A apelação será de improceder.

IV – DECISÃO

 Pelo exposto, acordam os juízes deste tribunal da Relação em julgar a apelação improcedente, confirmando-se a decisão recorrida.

Custas a suportar pelos apelantes.                  

                                                                            Coimbra, 7 de Outubro de 2014

 Maria João Areias ( Relatora )

Fernando Monteiro

 Inês Moura


[1] De entre os documentos particulares assinados pelo devedor, apenas os títulos de crédito constituem títulos executivos, ainda que meros quirógrafos da obrigação.
[2] Entre outros, José Lebre de Freitas, “Os Paradigmas da Acção Executiva”, estudo publicado in ROA 2001, II, págs. 543 e ss), igualmente disponível in www.dgpj.mj.pt/sections/informações.
[3] Atentar-se-á em que o projeto inicial da reforma, apresentado em finais de 2011 (projeto disponível no Portal Citius), mantinha, na al. c) do art. 46º, os documentos particulares como títulos executivos, acrescentando-se, tão só, a exigência do caracter expresso e inequívoco do reconhecimento da obrigação ou da sua constituição.
[4] “A Reforma do Código de Processo Civil: A supressão dos documentos particulares do elenco dos títulos executivos”, Julgar on line – 2013, pág. 4
[5] Acórdãos do TRE de 27.02.2014, relatado por Paula Caroço, e de 10.04.2014, relatado por Mata Ribeiro, e do TRL de 26.03.2014, relatado por Paula Santos, disponíveis in www.dgsi.pt.
[6] Artigo e local citados, pág. 4.
[7] “Um Novo Código de Processo Civil?, Em busca das diferenças”, Vida Económica 2014, págs. 157 e 158.
[8] In Blog do IPPC, de 25.03.2014.
[9] In Blog do IPPC, de 26.03.2014, em resposta à publicação do prof.
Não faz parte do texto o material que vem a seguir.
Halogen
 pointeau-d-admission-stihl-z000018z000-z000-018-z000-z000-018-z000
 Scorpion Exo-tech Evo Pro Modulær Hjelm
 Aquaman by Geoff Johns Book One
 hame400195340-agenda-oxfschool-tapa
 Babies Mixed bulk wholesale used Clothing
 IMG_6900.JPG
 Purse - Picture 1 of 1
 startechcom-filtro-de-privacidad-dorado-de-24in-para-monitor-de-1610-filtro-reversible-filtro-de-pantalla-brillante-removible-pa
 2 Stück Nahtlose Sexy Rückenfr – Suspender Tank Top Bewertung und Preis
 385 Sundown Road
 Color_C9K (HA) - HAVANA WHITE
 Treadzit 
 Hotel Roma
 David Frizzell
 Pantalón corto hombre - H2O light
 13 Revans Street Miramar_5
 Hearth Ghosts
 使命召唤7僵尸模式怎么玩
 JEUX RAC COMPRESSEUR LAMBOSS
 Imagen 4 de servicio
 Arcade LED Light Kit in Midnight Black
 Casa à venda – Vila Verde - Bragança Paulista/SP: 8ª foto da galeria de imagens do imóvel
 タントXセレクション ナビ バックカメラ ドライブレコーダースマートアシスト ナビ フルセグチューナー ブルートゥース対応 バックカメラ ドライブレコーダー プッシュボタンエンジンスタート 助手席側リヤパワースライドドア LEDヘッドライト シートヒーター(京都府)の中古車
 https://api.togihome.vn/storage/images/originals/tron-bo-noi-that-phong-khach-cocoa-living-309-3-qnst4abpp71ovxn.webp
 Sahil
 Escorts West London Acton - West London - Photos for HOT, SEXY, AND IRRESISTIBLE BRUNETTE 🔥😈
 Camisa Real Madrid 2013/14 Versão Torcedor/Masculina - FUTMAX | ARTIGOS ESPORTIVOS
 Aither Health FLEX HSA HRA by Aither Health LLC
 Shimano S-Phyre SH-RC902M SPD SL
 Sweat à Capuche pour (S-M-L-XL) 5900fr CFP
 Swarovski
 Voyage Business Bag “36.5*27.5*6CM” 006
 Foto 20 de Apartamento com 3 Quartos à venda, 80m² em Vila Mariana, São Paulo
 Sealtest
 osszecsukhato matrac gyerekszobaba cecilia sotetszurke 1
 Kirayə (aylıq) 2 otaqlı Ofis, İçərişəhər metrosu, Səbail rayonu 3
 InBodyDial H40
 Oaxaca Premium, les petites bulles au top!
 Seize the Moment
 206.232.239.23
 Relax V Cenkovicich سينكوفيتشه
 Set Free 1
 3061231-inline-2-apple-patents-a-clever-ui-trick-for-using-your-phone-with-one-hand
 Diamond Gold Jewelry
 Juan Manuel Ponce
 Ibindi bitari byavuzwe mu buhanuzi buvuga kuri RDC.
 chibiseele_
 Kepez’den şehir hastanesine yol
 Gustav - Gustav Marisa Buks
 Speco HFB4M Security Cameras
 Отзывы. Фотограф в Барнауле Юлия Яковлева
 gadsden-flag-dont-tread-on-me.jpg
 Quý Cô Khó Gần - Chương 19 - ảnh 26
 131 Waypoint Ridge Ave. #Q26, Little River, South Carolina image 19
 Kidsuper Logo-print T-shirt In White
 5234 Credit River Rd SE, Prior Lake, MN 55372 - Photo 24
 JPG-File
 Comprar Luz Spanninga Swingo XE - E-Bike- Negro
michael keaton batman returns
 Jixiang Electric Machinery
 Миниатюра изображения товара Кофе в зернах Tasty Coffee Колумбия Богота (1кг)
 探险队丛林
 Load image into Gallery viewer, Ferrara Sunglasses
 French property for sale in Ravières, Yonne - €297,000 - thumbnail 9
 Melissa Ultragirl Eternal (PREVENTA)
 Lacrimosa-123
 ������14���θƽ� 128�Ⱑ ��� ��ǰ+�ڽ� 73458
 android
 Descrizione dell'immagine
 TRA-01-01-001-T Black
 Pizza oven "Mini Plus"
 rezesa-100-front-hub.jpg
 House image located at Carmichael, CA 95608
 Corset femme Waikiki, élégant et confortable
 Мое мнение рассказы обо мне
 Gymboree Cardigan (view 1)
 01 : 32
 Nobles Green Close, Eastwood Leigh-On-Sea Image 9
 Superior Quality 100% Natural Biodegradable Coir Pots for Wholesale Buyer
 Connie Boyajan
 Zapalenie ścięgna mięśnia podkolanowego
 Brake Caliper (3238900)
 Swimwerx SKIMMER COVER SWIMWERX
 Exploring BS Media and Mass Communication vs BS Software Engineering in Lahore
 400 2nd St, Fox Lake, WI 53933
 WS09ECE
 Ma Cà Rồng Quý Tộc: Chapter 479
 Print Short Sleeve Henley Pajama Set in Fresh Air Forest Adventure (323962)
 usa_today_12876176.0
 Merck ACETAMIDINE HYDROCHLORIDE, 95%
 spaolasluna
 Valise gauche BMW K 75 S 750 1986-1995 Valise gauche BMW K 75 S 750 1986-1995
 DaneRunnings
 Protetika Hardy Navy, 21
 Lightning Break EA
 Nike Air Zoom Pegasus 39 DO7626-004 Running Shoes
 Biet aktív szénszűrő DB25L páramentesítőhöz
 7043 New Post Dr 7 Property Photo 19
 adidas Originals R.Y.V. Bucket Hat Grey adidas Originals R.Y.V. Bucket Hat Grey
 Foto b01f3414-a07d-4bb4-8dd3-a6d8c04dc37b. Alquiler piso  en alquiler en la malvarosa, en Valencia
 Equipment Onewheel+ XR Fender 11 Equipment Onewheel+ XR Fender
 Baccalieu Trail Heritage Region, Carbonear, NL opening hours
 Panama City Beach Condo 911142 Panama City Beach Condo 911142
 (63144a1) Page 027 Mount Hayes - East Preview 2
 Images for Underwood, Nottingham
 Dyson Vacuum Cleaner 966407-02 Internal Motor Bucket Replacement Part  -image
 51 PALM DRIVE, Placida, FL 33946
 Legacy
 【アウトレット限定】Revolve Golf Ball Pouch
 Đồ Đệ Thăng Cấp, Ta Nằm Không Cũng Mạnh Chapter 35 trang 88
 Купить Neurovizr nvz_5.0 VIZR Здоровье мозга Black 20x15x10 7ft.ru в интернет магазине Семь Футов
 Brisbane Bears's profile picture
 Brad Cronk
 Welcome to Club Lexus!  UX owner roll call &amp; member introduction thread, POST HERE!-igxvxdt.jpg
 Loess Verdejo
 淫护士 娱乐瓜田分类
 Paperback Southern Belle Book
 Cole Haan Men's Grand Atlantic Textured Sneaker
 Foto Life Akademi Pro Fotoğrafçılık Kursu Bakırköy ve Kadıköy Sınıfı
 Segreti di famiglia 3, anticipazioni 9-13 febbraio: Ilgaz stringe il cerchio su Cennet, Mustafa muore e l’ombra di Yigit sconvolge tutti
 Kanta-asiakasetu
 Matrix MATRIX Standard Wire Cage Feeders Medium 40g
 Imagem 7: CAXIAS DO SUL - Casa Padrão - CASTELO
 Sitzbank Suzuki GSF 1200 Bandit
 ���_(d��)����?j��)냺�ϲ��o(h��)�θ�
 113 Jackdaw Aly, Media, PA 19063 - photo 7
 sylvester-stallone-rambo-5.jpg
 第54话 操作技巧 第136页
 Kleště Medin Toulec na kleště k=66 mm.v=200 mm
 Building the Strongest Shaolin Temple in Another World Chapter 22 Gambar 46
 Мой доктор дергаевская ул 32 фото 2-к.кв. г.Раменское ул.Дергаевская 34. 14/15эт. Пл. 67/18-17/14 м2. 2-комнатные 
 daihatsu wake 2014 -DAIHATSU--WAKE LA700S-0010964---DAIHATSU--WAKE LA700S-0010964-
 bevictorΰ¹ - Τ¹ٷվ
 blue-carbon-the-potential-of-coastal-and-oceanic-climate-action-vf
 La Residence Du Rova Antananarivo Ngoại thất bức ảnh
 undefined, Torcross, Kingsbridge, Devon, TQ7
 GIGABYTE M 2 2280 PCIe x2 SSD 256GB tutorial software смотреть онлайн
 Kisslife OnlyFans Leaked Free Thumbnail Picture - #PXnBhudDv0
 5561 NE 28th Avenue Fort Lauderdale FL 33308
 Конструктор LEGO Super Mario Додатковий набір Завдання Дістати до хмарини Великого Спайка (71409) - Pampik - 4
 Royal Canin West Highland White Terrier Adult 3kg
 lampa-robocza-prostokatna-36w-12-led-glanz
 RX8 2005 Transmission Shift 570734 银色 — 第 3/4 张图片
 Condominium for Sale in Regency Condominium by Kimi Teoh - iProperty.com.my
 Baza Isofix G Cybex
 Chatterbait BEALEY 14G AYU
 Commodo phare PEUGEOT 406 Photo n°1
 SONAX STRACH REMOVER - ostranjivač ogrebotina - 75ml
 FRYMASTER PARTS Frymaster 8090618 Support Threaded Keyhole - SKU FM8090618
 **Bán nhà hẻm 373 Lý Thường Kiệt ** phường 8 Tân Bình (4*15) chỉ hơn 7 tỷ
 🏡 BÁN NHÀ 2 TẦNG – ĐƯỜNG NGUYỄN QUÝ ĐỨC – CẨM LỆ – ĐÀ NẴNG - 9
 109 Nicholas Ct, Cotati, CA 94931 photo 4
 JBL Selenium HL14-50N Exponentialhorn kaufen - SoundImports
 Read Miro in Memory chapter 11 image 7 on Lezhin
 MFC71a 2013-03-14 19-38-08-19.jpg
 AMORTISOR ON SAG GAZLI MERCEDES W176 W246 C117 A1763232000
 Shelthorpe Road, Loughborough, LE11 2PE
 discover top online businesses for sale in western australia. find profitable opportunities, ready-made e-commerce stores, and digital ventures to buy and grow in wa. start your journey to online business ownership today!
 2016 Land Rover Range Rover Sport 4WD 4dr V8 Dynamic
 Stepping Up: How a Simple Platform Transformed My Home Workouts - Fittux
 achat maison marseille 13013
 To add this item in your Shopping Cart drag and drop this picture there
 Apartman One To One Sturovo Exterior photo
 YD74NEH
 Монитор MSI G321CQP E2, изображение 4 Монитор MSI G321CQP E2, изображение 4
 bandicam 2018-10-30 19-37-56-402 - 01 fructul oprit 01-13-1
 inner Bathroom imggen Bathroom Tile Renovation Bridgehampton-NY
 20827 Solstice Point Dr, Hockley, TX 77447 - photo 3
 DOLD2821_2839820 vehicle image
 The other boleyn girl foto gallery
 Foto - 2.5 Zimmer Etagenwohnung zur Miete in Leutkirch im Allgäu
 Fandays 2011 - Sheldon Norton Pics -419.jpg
Teixeira de Sousa.
[10] Assento publicado no DR nº 294, de 18.12.1993, hoje com o valor de acórdão para fixação de jurisprudência, defendendo a aplicação imediata da alteração ao art. 51º do CPC, que veio dispensar a assinatura do devedor nas letras, cheques e livranças como título executivo.
[11] Batista Machado, citado por Paulo Ramos de Faria e Ana Luísa Loureiro, “Primeiras Notas ao Novo Código de Processo Civil, Os Artigos da Reforma”, Vol. II, Almedina 2014, pág. 191, notas 467 e 468.
[12] Blog do IPPC, já citado.
[13] Cfr., neste sentido, JORGE REIS NOVAIS, “Os Princípios Constitucionais Estruturantes da República Portuguesa”, Coimbra Editora 2004, págs. 263 e 264.
[14] Sendo que, o novo regime apenas implica que o credor que detinha um título executivo tenha de recorrer a um procedimento de injunção ou à propositura de uma ação declarativa para obter um título que seja válido face às novas exigências. Também Rui Pinto parece apontar nesse sentido, ao propor que o melhor será, a montante, o credor se precaver promovendo a autenticação por termo, do documento particular, ou se tal não for possível, a jusante, obter injunção ou sentença de condenação – “Manual de Execução e Despejo”, Coimbra Editora, pág. 184.
[15] “Primeiras Notas (…)”, pág. 191, dando como ex., que o credor que aceita um cheque pode ter em conta a sua tutela penal, mas se o cheque não obtiver pagamento por falta de provisão da conta sacada, não pode, obviamente, invocar esta simples expectativa para perseguir criminalmente o devedor, se uma lei nova vier entretanto descriminalizar a emissão do cheque sem provisão.